> Information provided:
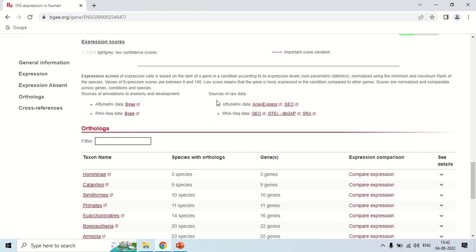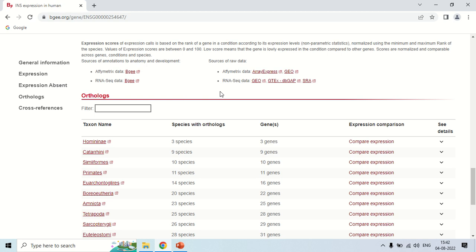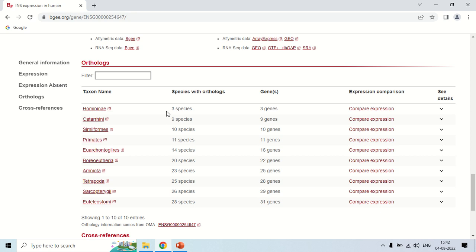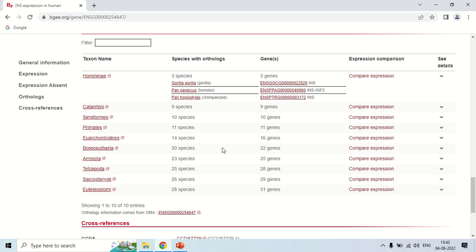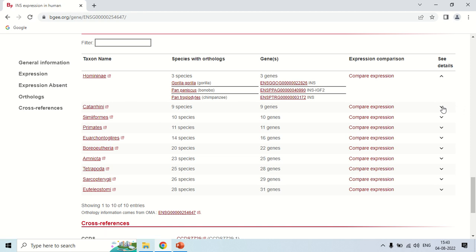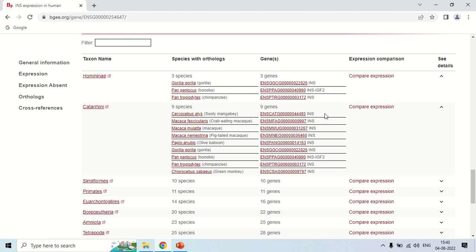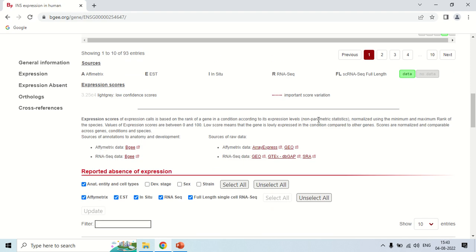If you scroll down again, these are the orthologues — genes which have the same functions in different organisms. Here are the different taxon names. For Hominidae, there are three species which have orthologues of insulin with three genes. Clicking here shows the comparison of these three genes — gorilla, bonobo, and chimpanzee. You can click 'compare expression' to compare the expression of these three genes. Similarly, for the next taxon there are nine species, and clicking shows the information for all nine genes.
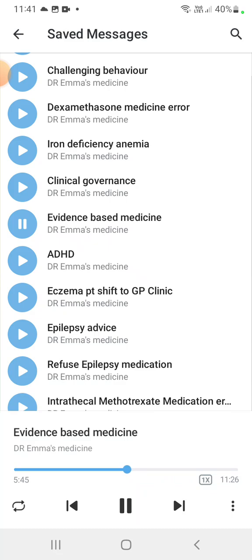A case-control study is a retrospective study looking for risk factors. For example, for smoking and lung cancer: I bring a group of lung cancer patients and take their history to see who was a smoker and who was not. A cohort study is prospective — an exposed cohort is observed for an outcome.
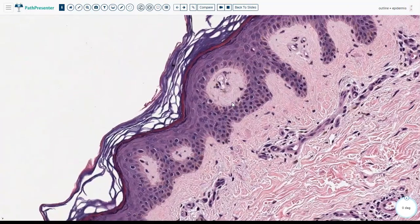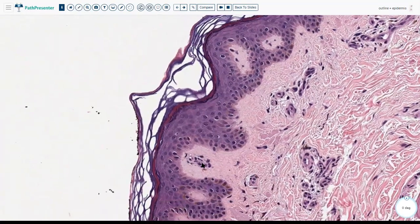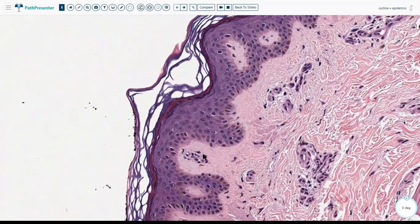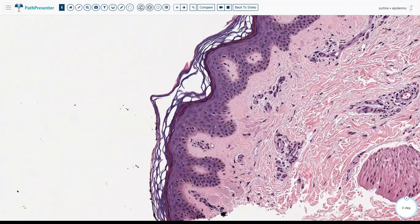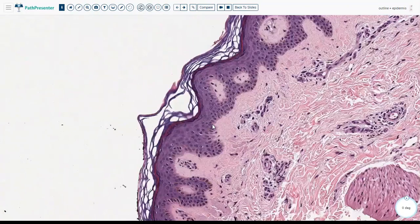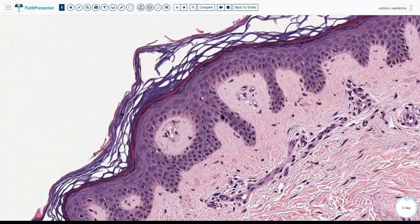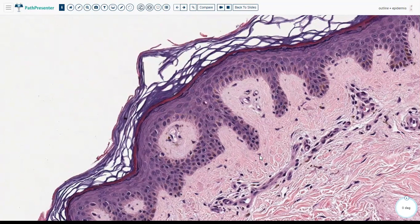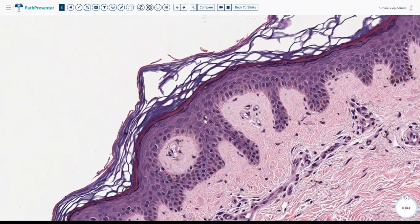There are several different cell types you would find in the epidermis. The most prevalent, of course, are the keratinocytes, which make up more than maybe 90% of the cells of the epidermis. However, there are several other cell types in the epidermis. One of them is what we see right here — if you can see how it's like a kidney bean-shaped cell — this is the Langerhans cell.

> What this task involves: Make an exact copy of the listing above. Do not include the pictures.

> Solution to this problem:
If you scroll down again, these are the orthologues — genes which have the same functions in different organisms. Here are the different taxon names. For Hominidae, there are three species which have orthologues of insulin with three genes. Clicking here shows the comparison of these three genes — gorilla, bonobo, and chimpanzee. You can click 'compare expression' to compare the expression of these three genes. Similarly, for the next taxon there are nine species, and clicking shows the information for all nine genes.
A case-control study is a retrospective study looking for risk factors. For example, for smoking and lung cancer: I bring a group of lung cancer patients and take their history to see who was a smoker and who was not. A cohort study is prospective — an exposed cohort is observed for an outcome.
There are several different cell types you would find in the epidermis. The most prevalent, of course, are the keratinocytes, which make up more than maybe 90% of the cells of the epidermis. However, there are several other cell types in the epidermis. One of them is what we see right here — if you can see how it's like a kidney bean-shaped cell — this is the Langerhans cell.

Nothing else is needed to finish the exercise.